The output should be the listing below, limited to the lines from the one with "Polo Shirt Thor" through the one with "Trending Orange Nails, Thanksgiving", exact and without pictures.

_AVAILABLE RECORDS_
==============================

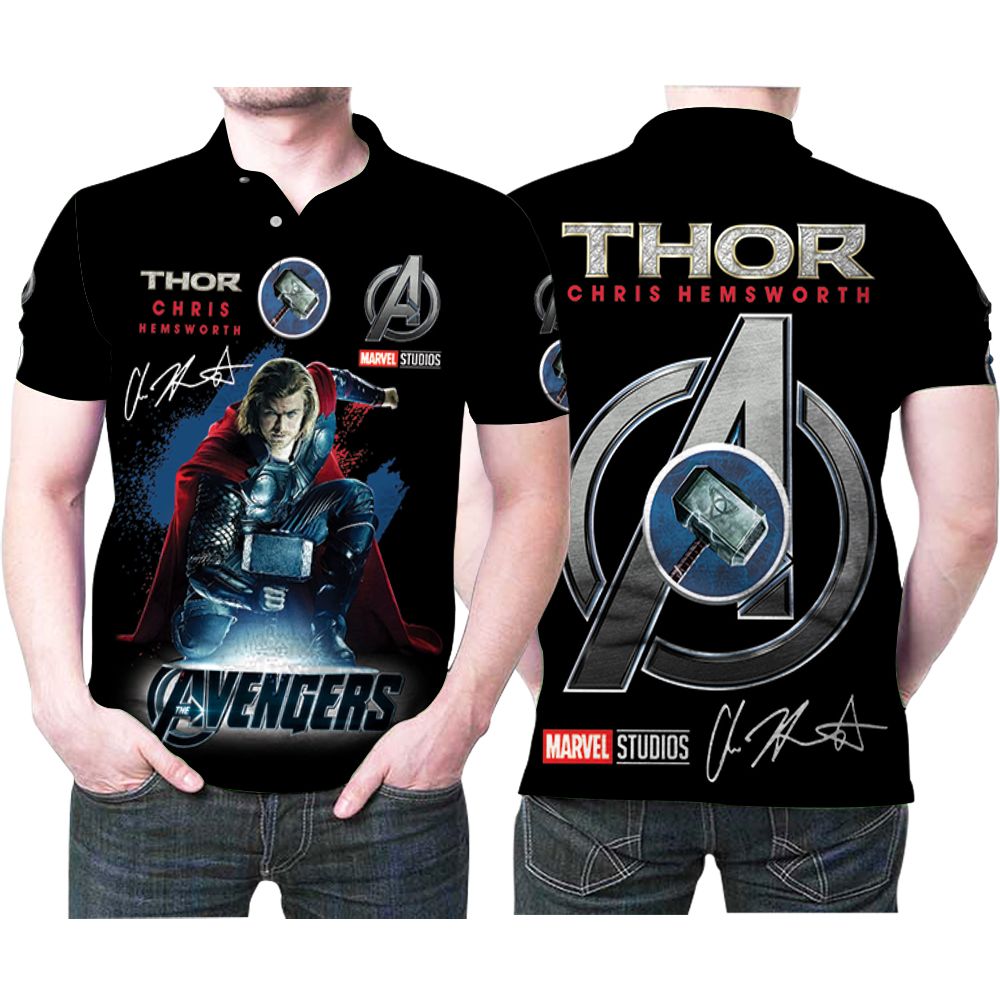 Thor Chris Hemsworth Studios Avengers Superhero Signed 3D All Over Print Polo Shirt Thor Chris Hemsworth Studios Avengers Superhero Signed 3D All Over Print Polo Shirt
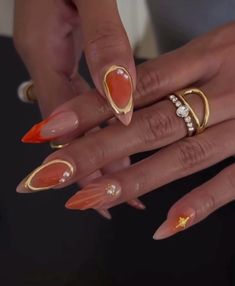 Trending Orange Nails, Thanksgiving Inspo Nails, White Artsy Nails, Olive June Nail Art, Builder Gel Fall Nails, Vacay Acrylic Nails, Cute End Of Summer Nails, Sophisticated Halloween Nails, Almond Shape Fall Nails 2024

==============================

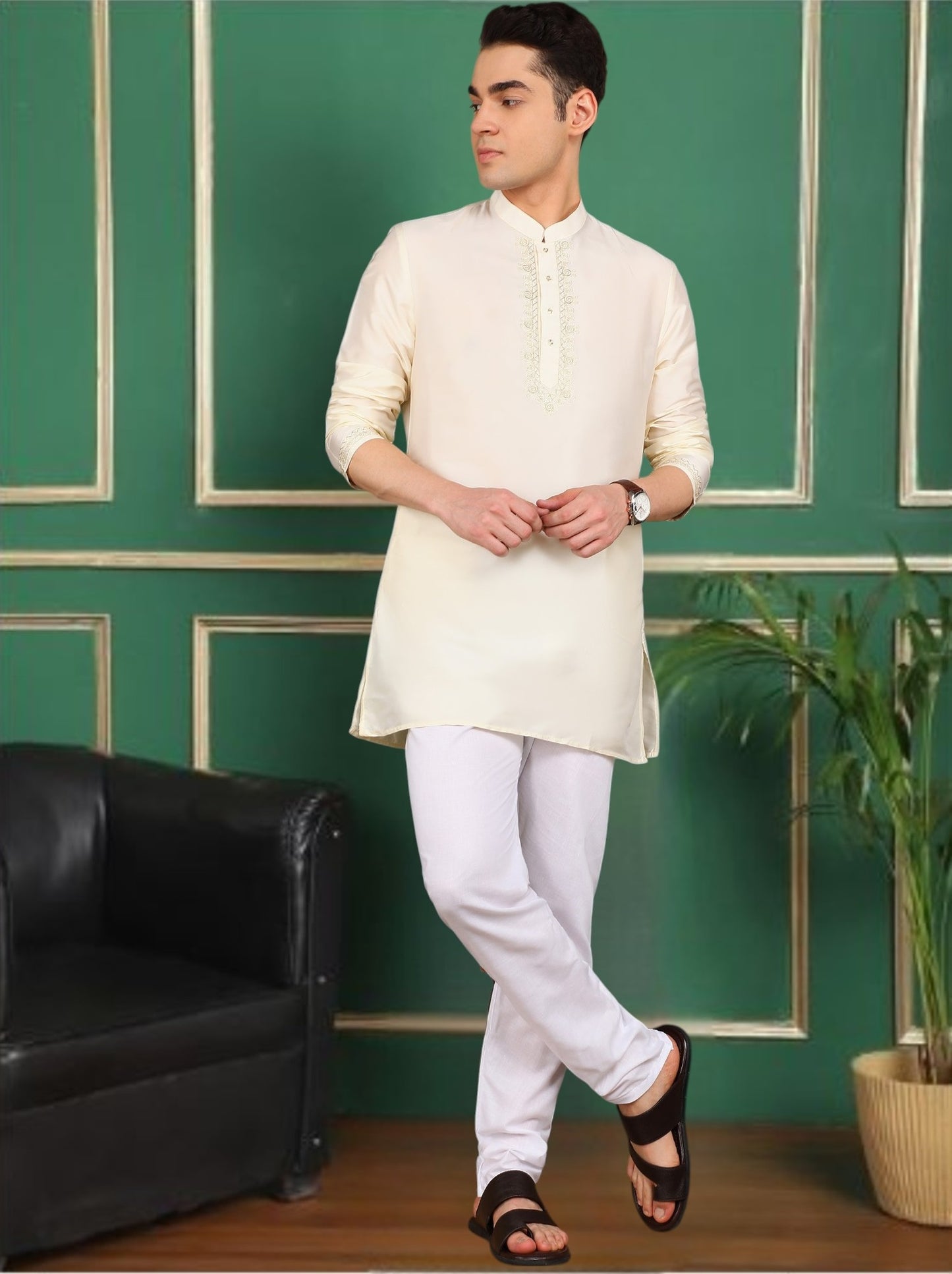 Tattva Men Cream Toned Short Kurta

==============================

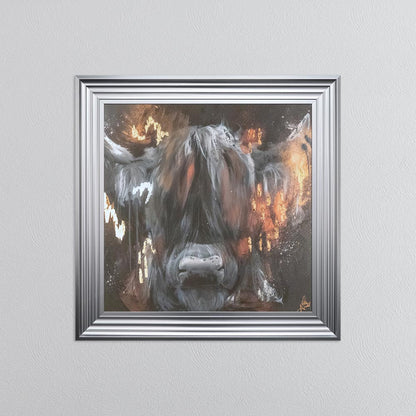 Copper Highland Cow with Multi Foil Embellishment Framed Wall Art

==============================

_EXERCISE ANSWER_
 Thor Chris Hemsworth Studios Avengers Superhero Signed 3D All Over Print Polo Shirt Thor Chris Hemsworth Studios Avengers Superhero Signed 3D All Over Print Polo Shirt
 Trending Orange Nails, Thanksgiving Inspo Nails, White Artsy Nails, Olive June Nail Art, Builder Gel Fall Nails, Vacay Acrylic Nails, Cute End Of Summer Nails, Sophisticated Halloween Nails, Almond Shape Fall Nails 2024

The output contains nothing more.